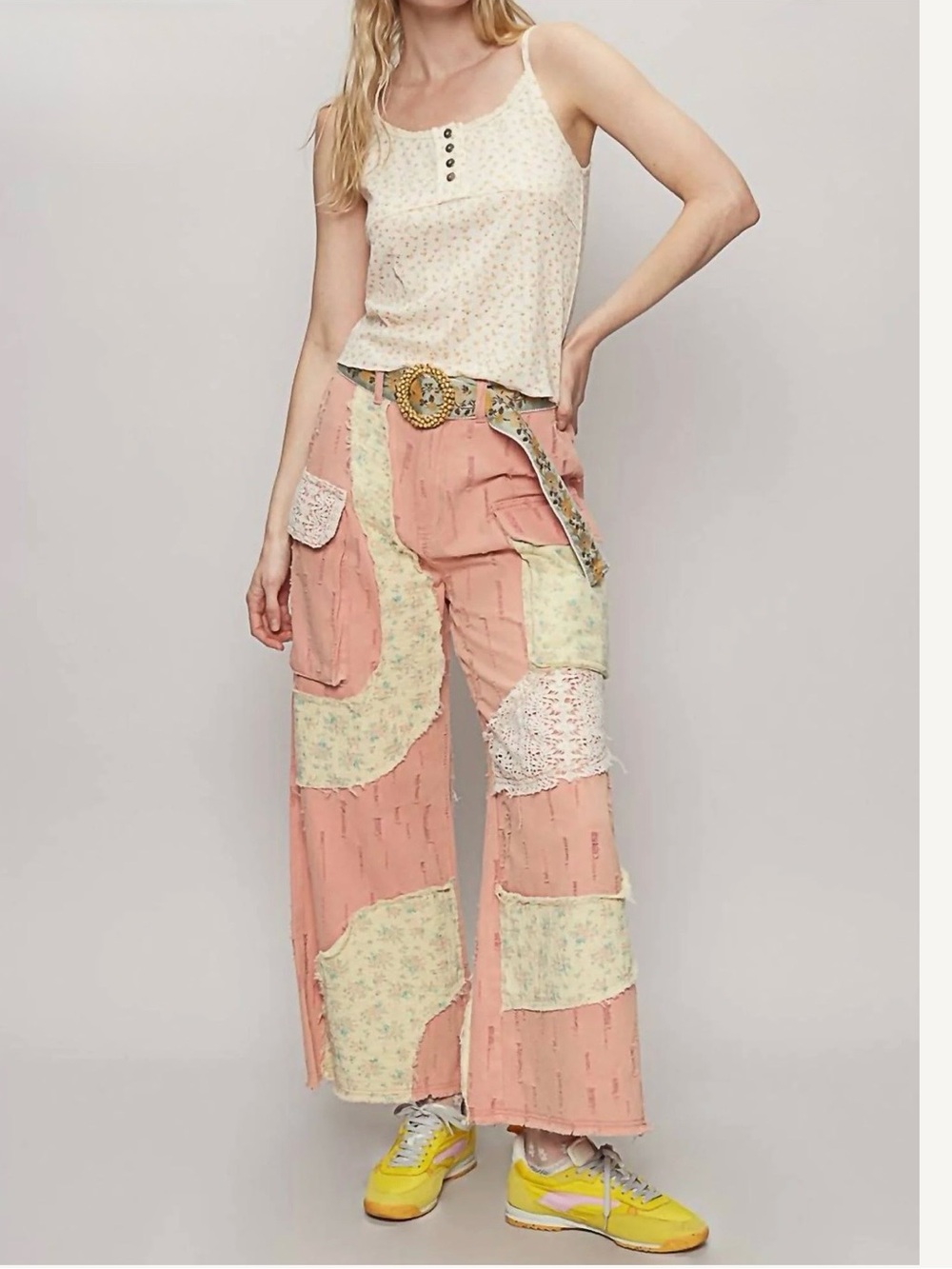 New: POL “Ella” Boho Mixed Floral Lace Patchwork Cargo Pockets Wide Leg Pants• S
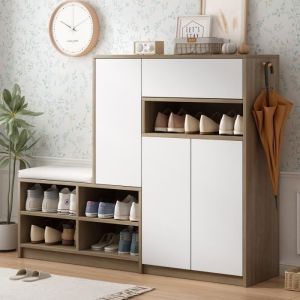 Meuble à chaussures 140x35x110cm - Banc de rangement avec siège rembourré, tiroir, portes, étagères réglables - Blanc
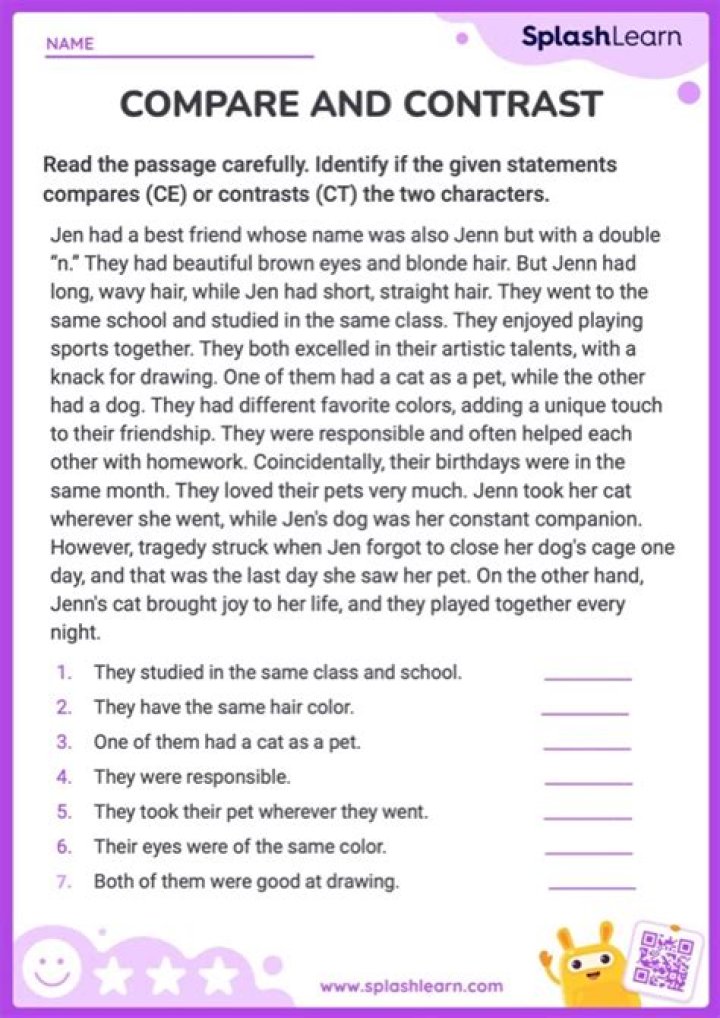 Lesson 18: Comparing and Contrasting Texts – Answer Key PDF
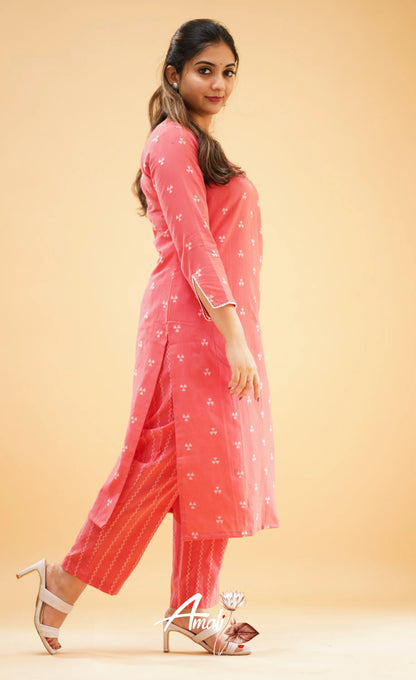 Peachish Pink Handloom Cotton Co-Ord Set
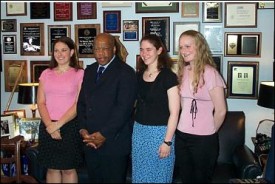 students with congressman john lewis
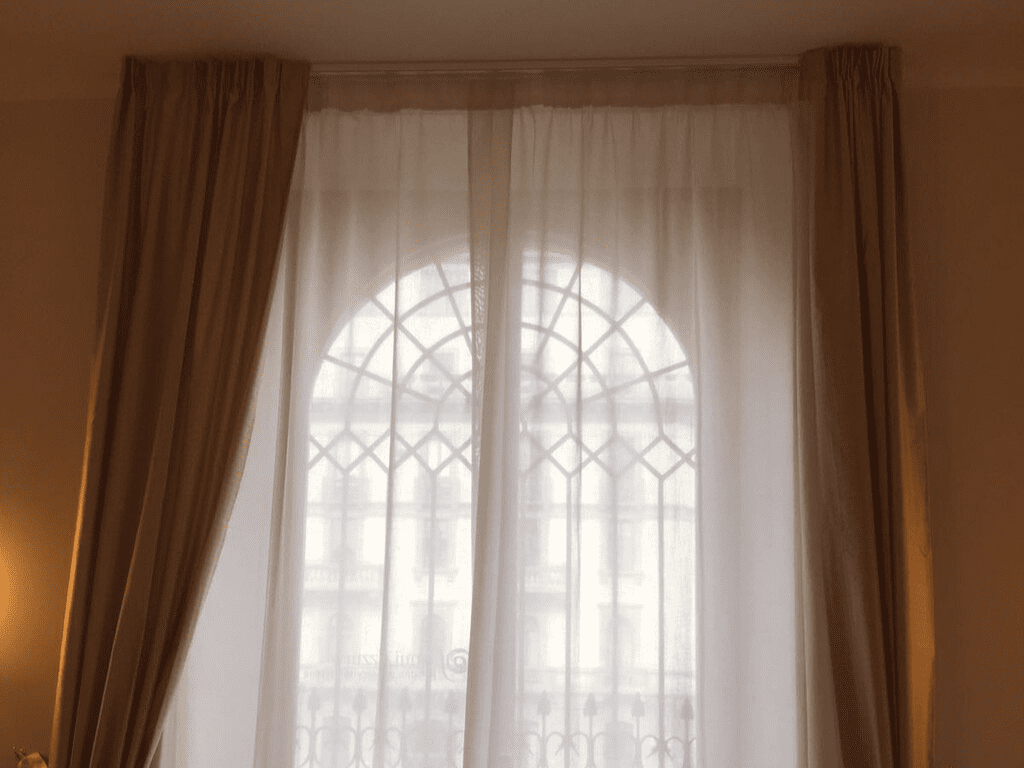 Draped curtains with rail sliding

======

### Task to complete
Output, exactly as written, only the lines from the beginning of the listing through the line containing "Lesson 18: Comparing", both included, and no pictures.

### Task result
 New: POL “Ella” Boho Mixed Floral Lace Patchwork Cargo Pockets Wide Leg Pants• S
 Meuble à chaussures 140x35x110cm - Banc de rangement avec siège rembourré, tiroir, portes, étagères réglables - Blanc
 Lesson 18: Comparing and Contrasting Texts – Answer Key PDF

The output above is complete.